你好,我想使用美国国家科学基金会数据集,但原始excel文件变量名称没有正确转置数据。有没有人有关于如何转置数据集,使其适合分析的数据格式的任何示例代码。这是原始的excel文件,这样你就可以理解问题了。
来自NSF网站的Excel原始文件
*编辑添加导入视图
记住Nick关于SO本质的恰当观点,我在这里确实有一些示例代码可能会有所帮助。不知道你所说的"调换"是什么意思我不能给出一个确切的答案,但是您可以根据您的目的调整下面的reshape
命令。
导入和查看
// Import Excel File defining TL and BR of table
import excel "nsb20197-tabs02-012.xlsx", cellrange(A6:K177) clear
list in 1/15
+----------------------------------------------------------------------------------------------------------------------------------------+
| A B C D E F G H I J K |
|----------------------------------------------------------------------------------------------------------------------------------------|
1. | Associate's level |
2. | American Indian or Alaska Native |
3. | All fields 6282 4131 2151 65.8 34.2 8935 5697 3238 63.8 36.2 |
4. | S&E 608 386 222 63.5 36.5 942 495 447 52.5 47.5 |
5. | Engineering 17 4 13 23.5 76.5 50 8 42 16 84 |
|----------------------------------------------------------------------------------------------------------------------------------------|
6. | Natural sciences 384 220 164 57.3 42.7 453 174 279 38.4 61.6 |
7. | Social and behavioral sciences 207 162 45 78.3 21.7 439 313 126 71.3 28.7 |
8. | Non-S&E 5674 3745 1929 66 34 7993 5202 2791 65.09999999999999 34.9 |
9. | Asian or Pacific Islander |
10. | All fields 27313 15522 11791 56.8 43.2 54809 30916 23893 56.4 43.6 |
|----------------------------------------------------------------------------------------------------------------------------------------|
11. | S&E 2649 1284 1365 48.5 51.5 7862 3492 4370 44.4 55.6 |
12. | Engineering 160 23 137 14.4 85.59999999999999 574 111 463 19.3 80.7 |
13. | Natural sciences 2010 939 1071 46.7 53.3 4419 1562 2857 35.3 64.7 |
14. | Social and behavioral sciences 479 322 157 67.2 32.8 2869 1819 1050 63.4 36.6 |
15. | Non-S&E 24664 14238 10426 57.7 42.3 46947 27424 19523 58.4 41.6 |
构造数据
// Create supercategories
* level = Column A if column A contains the word level (ignoring case)

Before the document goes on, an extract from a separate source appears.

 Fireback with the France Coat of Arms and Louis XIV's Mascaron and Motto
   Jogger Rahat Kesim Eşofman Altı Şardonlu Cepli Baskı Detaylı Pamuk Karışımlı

gen level = word(A,1) if ustrregexm(A, "level", 1), before(A)
* demographic = Column A if next ob in column A contains the word all fields (ignoring case)
gen demographic = A if ustrregexm(A[_n+1], "all fields", 1), before(A)
* fill down demographic and level, and drop blank rows
foreach v of varlist level demographic {
replace `v' = `v'[_n-1] if missing(`v')
}
drop if mi(demographic) | demographic == A | regexm(A, level)
// rename variables
* rename A
rename A field
* rename count columns
local list "B C D E F"
local year = 2000
rename (`list') (all_`year' female_`year' male_`year' perc_female_`year' perc_male_`year' )
local list "G H I J K"
local year = 2017
rename (`list') (all_`year' female_`year' male_`year' perc_female_`year' perc_male_`year' )
* destring
destring *_2000 *_2017, replace
重塑为长
* reshape long
drop perc*
reshape long all_ male_ female_, i(level demographic field) j(year)
rename *_ degrees*
reshape long degrees, i(level demographic field year) j(gender) string
一个如何重塑wide by field的例子
* test reshape wide by field + ensure the variable name is less than 32 characters post reshape
replace field = lower(strtoname(field))
replace field = substr(field, 1, 32 - strlen("degrees") - 1)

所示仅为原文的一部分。